(CNN) — Michael Skakel, a Kennedy relative convicted of the 1975 murder of a 15-year-old neighbor, walked out of a Connecticut courthouse Thursday on bail.
A Connecticut judge set bail at $1.2 million for Skakel, whose murder conviction in the death of Martha Moxley was vacated last month after a judge decided he did not receive adequate representation in his 2002 trial.
After bail was posted, Skakel sauntered out of the courthouse, flanked by his attorneys, a slight grin on his face. He did not speak.
Hubert Santos, his attorney, told reporters that "two tragedies" occurred in Greenwich nearly four decades ago.
"The first was of course the murder of Martha Moxley," he said. "A great tragedy for the Moxley family and for everyone else associated with the matter. The second tragedy occurred in a courthouse ... in 2002 when Michael was convicted of the murder of Martha Moxley. A murder he did not commit. And hopefully we are at the first step of righting that wrong and making sure that an innocent man now goes free."
Stamford Superior Court Judge Gary White set several conditions for the bail, including barring Skakel from leaving Connecticut without court approval, ordering him to wear a GPS tracking device, to refrain from contacting the victim's family, and requiring that he report to a bail commissioner.
Skakel, the 53-year-old nephew of Robert and Ethel Kennedy, has spent more than a decade in prison for the murder of the 15-year-old girl.
Moments after bail was granted, about two dozen relatives of Skakel, seated together on one side of the courtroom, applauded the decision. Skakel turned to them, placed his right hand to his heart and smiled.
In a statement, the Skakel family said the decision was a "first step in correcting a terrible wrong."
"We look forward to Michael being vindicated and justice finally being served," said the statement. "We are thankful to God that after 11 and one half years he will be reunited with his sons. We are grateful for the love and prayers of Michael's many supporters who have sustained him through this ordeal."
Outside court, the victim's ailing mother, Dorthy Moxley, said she was "disappointed."
"It's been a little over 11 years now" since Skakel was convicted, she said. "The whole thing didn't have to be this way, but I think it's a lesson to parents. If your child does something wrong, face up to it. ... I'm disappointed, but this is life."
She added, "I don't think he was a Jeffrey Dahmer or one of the mass murderers ... he was just a kid who had problems. We don't have anything to be afraid of now."
Earlier, prosecutor John Smriga said a bail of $500,000 or even $1 million was inappropriate and on the "low side," given the brutal nature of the crime, the age of the victim and Skakel's admitted mental health issues.
In court, Santos cited his client's "track record" of appearing in court. He said Skakel never got a fair trial because of the "circus atmosphere" that surrounded the case, and questioned the quality of state's evidence and testimony in securing a conviction.

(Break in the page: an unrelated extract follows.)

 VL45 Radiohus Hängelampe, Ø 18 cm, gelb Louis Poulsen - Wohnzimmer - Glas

The defense filed court papers describing Skakel as a former world-class skier, noting his work with Alcoholics Anonymous, and even citing a meeting he once had with the late Mother Teresa of Calcutta.

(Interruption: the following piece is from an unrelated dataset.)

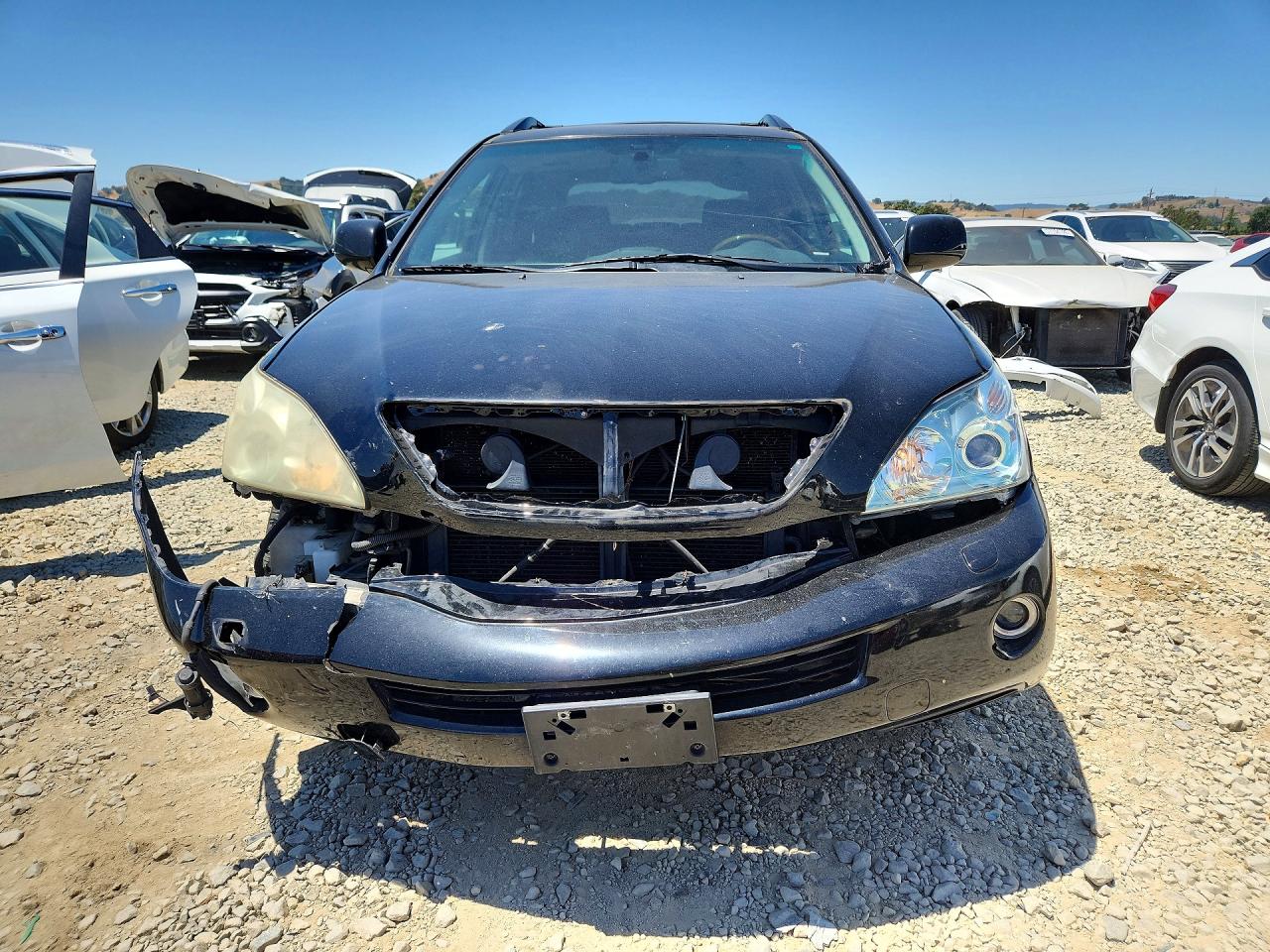 2007 Lexus Rx 400h Черный vin: JTJHW31UX72035595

"He's one of the most recognizable faces in America," Santos said. "He's not going anywhere."
Appellate Court Judge Thomas Bishop overturned Skakel's conviction last month, ruling that defense attorney Michael "Mickey" Sherman's representation of Skakel at his murder trial was "constitutionally deficient."
Moxley's body was found in 1975 after a night of partying with Skakel, his older brother Tommy and other teenagers in an affluent gated community in Greenwich, Connecticut. Authorities said the 15-year-old was bludgeoned and stabbed to death; a broken golf club was found near her body.
Skakel has always proclaimed his innocence.